Please also refer to FIGS. 3a-4b. When using the interactive system 10 of the first embodiment of the present invention for gesture recognition, firstly use the image sensor 13 to capture an image to form an image window 20, which includes at least one corresponding to the indication. The shading light shadow I ₈₁ of the object contact point T ₈₁ and at least one shading light shadow I ₈₁ ′ corresponding to the first mirror image contact point T ₈₁ ′ (step S ₁ ). Next, the processing unit 14 retrieves shading information in the image window 20, such as the average number of shading shadows, the average distance between shadows and the maximum distance between shadows, etc., for use in subsequent steps (step S ₂ ). Next, the processing unit 14 determines whether there are multiple indicators in the image window 20 according to the captured shading light and shadow information (step S ₃ ), wherein each indicator will generate a maximum of 2 shading lights and shadows on the image window 20, so when When more than two shadows appear on the image window 20, it means that there are multiple pointers.

When it is determined that only one pointer is included, as shown in FIG. 3a and FIG. 3b , the processing unit 14 controls the interactive system 10 to enter the first mode (step S ₄ ). In the _first mode, the processing unit 14 calculates the point of contact of the pointer touching the panel surface _100s (eg T ₈₁ ), and relatively control the movement of the cursor 151 on the image display 15 according to the change of the two-dimensional position coordinates.
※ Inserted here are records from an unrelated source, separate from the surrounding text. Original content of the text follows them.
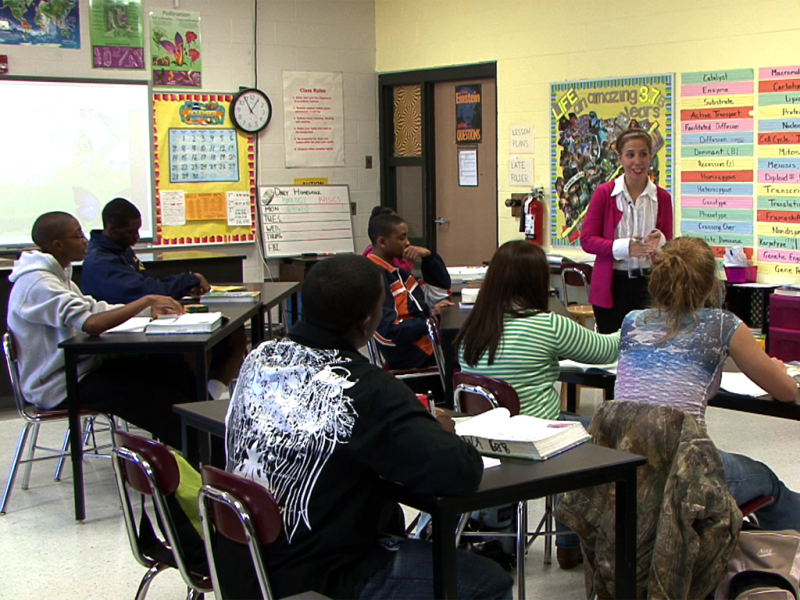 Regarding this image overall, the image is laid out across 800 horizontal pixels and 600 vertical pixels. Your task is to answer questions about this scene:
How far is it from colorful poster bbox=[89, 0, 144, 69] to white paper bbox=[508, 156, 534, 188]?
272cm

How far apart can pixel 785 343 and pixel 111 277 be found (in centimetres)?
352

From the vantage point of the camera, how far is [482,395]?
2.78 meters

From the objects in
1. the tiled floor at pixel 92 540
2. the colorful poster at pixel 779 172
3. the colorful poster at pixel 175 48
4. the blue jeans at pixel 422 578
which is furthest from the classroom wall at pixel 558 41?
the blue jeans at pixel 422 578

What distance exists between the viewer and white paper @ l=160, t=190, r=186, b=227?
23.1 feet

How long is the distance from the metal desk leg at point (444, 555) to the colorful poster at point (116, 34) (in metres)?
5.68

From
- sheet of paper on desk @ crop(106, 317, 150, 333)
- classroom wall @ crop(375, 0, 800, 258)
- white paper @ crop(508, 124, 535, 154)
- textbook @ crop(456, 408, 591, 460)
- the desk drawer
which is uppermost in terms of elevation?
classroom wall @ crop(375, 0, 800, 258)

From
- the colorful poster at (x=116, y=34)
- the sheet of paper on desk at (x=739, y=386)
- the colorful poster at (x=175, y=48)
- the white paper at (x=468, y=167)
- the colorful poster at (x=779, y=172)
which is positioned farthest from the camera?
the white paper at (x=468, y=167)

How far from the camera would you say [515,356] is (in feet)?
9.66

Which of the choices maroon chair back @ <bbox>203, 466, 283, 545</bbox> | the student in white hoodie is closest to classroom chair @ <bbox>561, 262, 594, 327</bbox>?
the student in white hoodie

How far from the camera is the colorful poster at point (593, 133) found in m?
6.05

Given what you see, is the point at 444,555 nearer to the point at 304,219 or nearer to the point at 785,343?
the point at 785,343

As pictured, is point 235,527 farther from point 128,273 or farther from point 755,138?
point 755,138

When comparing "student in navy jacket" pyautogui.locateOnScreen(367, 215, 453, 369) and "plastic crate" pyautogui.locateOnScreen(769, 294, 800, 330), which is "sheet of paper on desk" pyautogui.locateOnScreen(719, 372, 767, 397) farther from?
"plastic crate" pyautogui.locateOnScreen(769, 294, 800, 330)

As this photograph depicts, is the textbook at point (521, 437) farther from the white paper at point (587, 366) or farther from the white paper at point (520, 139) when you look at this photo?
the white paper at point (520, 139) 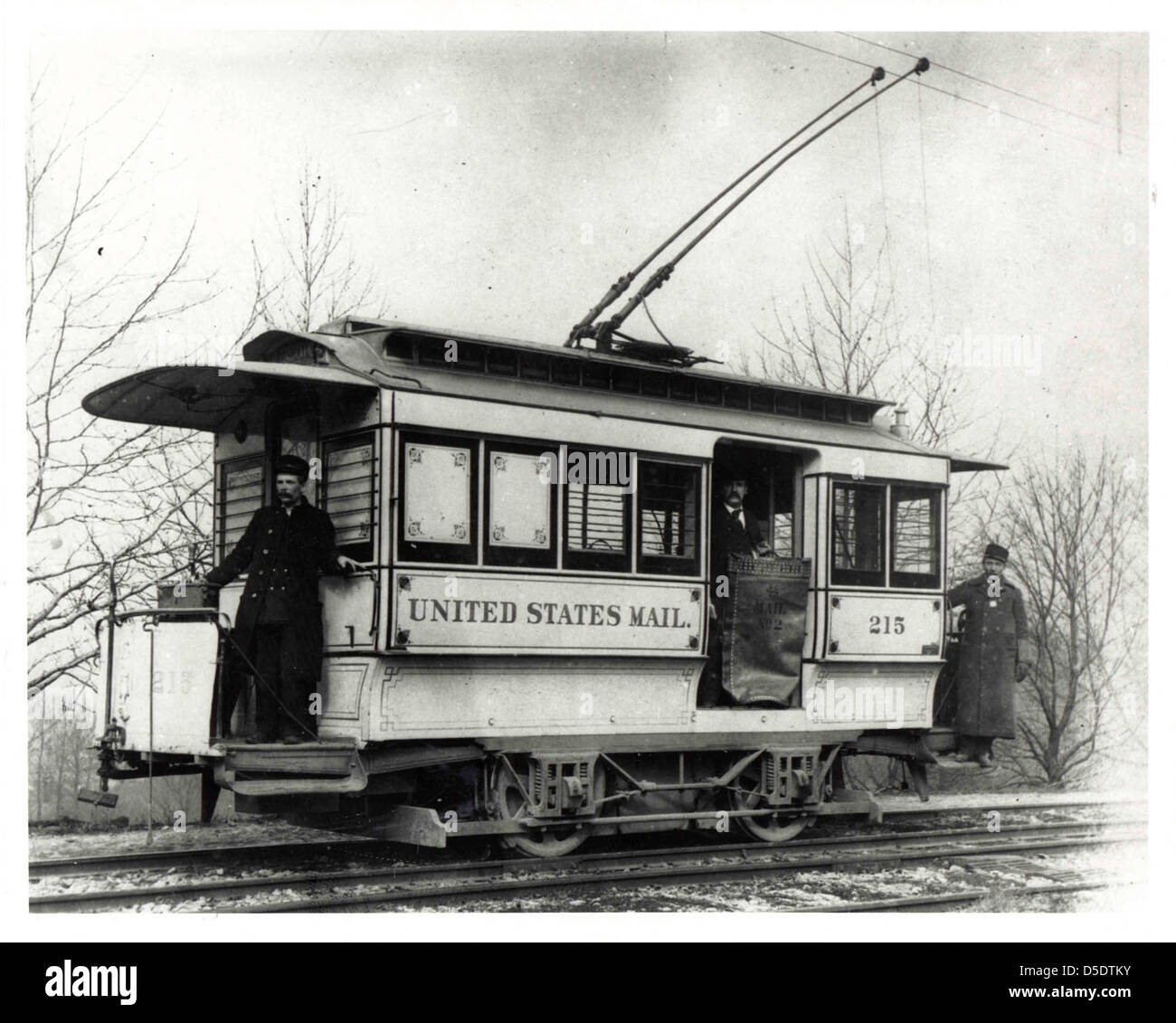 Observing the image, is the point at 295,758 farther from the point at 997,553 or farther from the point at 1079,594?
the point at 1079,594

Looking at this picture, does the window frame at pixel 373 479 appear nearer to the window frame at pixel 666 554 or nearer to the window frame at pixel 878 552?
the window frame at pixel 666 554

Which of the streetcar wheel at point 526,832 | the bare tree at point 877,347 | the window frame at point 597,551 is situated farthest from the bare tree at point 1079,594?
the streetcar wheel at point 526,832

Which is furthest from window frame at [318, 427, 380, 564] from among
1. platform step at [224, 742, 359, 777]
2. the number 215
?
the number 215

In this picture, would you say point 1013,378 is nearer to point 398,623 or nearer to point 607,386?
point 607,386

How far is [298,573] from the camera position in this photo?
859cm

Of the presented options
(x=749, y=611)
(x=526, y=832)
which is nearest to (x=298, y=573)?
(x=526, y=832)

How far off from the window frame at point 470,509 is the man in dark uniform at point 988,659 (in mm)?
5031

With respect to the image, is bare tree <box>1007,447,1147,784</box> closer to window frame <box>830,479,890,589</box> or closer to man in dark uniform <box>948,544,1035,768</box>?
man in dark uniform <box>948,544,1035,768</box>

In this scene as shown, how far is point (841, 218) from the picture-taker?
1688cm

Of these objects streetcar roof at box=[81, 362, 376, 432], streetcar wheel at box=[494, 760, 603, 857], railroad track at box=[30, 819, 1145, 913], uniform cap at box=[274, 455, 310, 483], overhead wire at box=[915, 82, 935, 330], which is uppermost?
overhead wire at box=[915, 82, 935, 330]

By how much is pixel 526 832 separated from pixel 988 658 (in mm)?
4639

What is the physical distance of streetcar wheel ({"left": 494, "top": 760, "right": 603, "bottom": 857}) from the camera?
9094 mm

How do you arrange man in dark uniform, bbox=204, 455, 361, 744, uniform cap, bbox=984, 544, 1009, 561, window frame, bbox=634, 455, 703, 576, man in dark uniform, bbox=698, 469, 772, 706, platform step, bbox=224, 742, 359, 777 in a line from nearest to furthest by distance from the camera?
platform step, bbox=224, 742, 359, 777, man in dark uniform, bbox=204, 455, 361, 744, window frame, bbox=634, 455, 703, 576, man in dark uniform, bbox=698, 469, 772, 706, uniform cap, bbox=984, 544, 1009, 561

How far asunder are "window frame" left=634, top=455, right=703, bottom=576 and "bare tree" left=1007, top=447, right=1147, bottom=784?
6.99 m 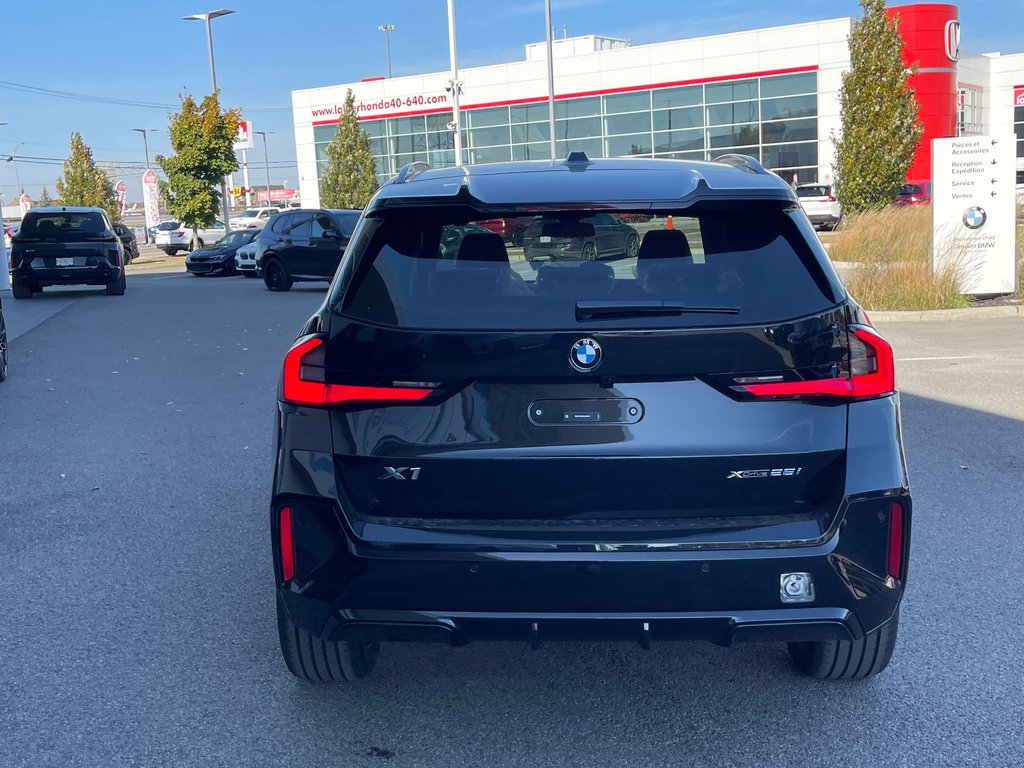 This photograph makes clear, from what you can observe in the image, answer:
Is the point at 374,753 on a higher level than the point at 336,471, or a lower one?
lower

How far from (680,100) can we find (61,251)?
113 feet

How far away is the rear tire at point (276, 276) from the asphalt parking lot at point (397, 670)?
16618 millimetres

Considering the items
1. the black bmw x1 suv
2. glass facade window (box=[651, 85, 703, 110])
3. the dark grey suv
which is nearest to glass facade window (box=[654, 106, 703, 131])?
glass facade window (box=[651, 85, 703, 110])

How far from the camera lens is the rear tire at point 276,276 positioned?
79.3 ft

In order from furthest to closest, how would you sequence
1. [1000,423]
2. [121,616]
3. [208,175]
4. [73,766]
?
[208,175] → [1000,423] → [121,616] → [73,766]

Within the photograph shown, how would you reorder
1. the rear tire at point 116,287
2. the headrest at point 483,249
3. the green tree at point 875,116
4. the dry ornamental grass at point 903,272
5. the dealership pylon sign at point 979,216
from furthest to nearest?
the green tree at point 875,116 → the rear tire at point 116,287 → the dealership pylon sign at point 979,216 → the dry ornamental grass at point 903,272 → the headrest at point 483,249

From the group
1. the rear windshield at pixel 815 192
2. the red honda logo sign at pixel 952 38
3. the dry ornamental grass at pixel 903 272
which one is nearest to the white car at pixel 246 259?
the dry ornamental grass at pixel 903 272

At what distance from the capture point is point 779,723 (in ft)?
12.1

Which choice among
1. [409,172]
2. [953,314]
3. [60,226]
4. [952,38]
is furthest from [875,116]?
[409,172]

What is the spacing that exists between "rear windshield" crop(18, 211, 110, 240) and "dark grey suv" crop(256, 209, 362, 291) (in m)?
3.30

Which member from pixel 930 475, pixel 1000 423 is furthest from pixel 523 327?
pixel 1000 423

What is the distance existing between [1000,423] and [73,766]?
6776 mm

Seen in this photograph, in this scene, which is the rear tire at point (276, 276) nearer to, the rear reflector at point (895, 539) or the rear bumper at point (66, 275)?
the rear bumper at point (66, 275)

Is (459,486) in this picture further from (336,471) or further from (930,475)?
(930,475) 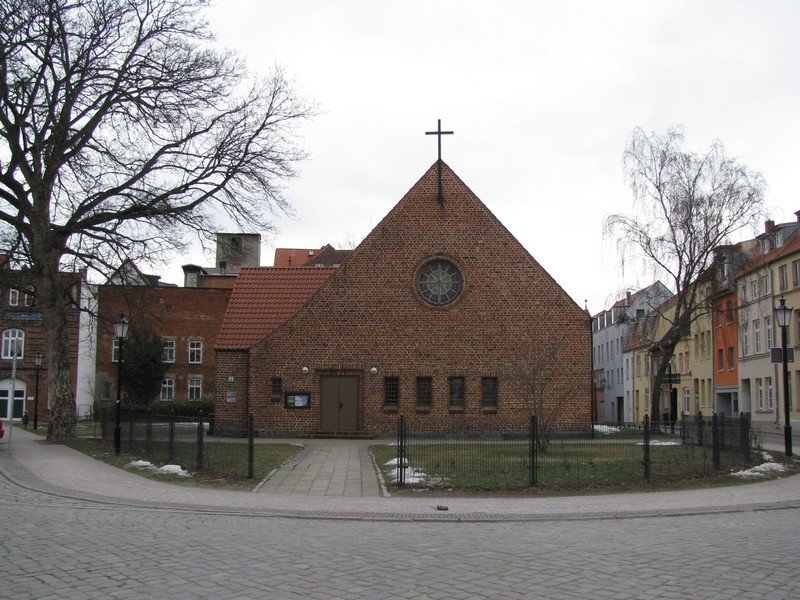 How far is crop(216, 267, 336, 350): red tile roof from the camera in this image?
33.0 m

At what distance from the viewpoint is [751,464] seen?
18.4 metres

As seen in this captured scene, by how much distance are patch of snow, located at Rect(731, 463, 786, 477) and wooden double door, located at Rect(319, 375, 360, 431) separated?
1678 cm

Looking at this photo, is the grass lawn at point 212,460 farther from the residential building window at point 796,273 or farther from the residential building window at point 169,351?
the residential building window at point 796,273

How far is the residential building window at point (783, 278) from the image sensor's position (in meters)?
40.6

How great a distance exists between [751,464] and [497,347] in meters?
13.9

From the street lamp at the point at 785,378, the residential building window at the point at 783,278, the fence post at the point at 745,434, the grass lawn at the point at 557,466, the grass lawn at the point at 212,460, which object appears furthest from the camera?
the residential building window at the point at 783,278

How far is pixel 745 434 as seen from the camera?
Result: 18734 millimetres

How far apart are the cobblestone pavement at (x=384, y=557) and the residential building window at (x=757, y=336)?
3531cm

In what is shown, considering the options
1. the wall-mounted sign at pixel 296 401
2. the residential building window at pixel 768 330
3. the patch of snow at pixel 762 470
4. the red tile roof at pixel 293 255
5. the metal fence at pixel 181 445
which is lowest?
the patch of snow at pixel 762 470

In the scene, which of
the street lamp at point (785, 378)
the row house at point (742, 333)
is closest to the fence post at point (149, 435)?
the street lamp at point (785, 378)

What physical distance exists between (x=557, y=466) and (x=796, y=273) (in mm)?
27421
When the processing unit 14 determines that there are multiple indicators touching the panel surface 100s according to the shading light and shadow information, as shown in FIGS. 5a to 5h , the interactive system 10 is controlled to enter the second mode (step S ₅ ). In the second mode, the processing unit 14 performs gesture recognition according to the mutual relationship between shading lights and shadows in the image window 20, and controls the screen update of the screen displayed on the display screen 150 of the image display 15 according to the recognized gesture, for example Perform screen scrolling, zoom in and out of objects or windows, rotate objects, switch screens or display menus, etc.

Referring to FIG. 5 a to FIG. 5 h , the implementation of the second mode will be described next, wherein the light emitting unit 11 is described by taking a passive light source as an example in this description. In addition, it can be understood that what is shown in Fig. 5a to Fig. 5h is only illustrative and not intended to limit the present invention.

Screen scrolling gesture: Please refer to FIGS. 5a-5d, when the processing unit 14 determines that there are multiple touch points (such as T ₁ and T ₂ ) according to the shading light and shadow information in the image window 20 captured by the image sensing unit 13 , enter the second mode. Next, the processing unit 14 determines whether the average number of shading lights and shadows in the image window 20 is greater than a preset threshold value, such as 6, or whether the average light-shadow distance Sav is greater than a preset threshold value (step S ₅₁ ). When the average number of shading lights and shadows is not greater than the preset threshold value or the average light-shadow distance Sav is not greater than the preset threshold value, pan gesture recognition is performed (step S ₅₃ ).

When recognizing the translation gesture, firstly group the occluded light and shadow into groups, for example, according to the center line C of the image window 20 as the basis for grouping, so as to distinguish the first light and shadow group G ₁ from the second light and shadow group G ₂ , wherein the first light and shadow group G ₁ may be a real image light and shadow group or a virtual image light and shadow group, and the second light and shadow group G ₂ may be a virtual image light and shadow group or a real image light and shadow group.

For example, in FIGS. 5 a to 5 d, when the average light and shadow number in the image window 20 is not greater than the preset threshold value or the average light and shadow distance Sav is not greater than the preset threshold value, the processing unit 14 performs up/down/left/right gesture recognition (step _S53 ). For example, in FIG. 5a, the processing unit 14 recognizes that both the first light and shadow group _G1 and the second light and shadow group _G2 in the image window 20 are moving to the right, so it is determined that the user is performing a gesture of scrolling the display screen to the right/left , so that the corresponding display screen is updated relative to the display screen 150 of the control image display 15 (step S ₅₄ ).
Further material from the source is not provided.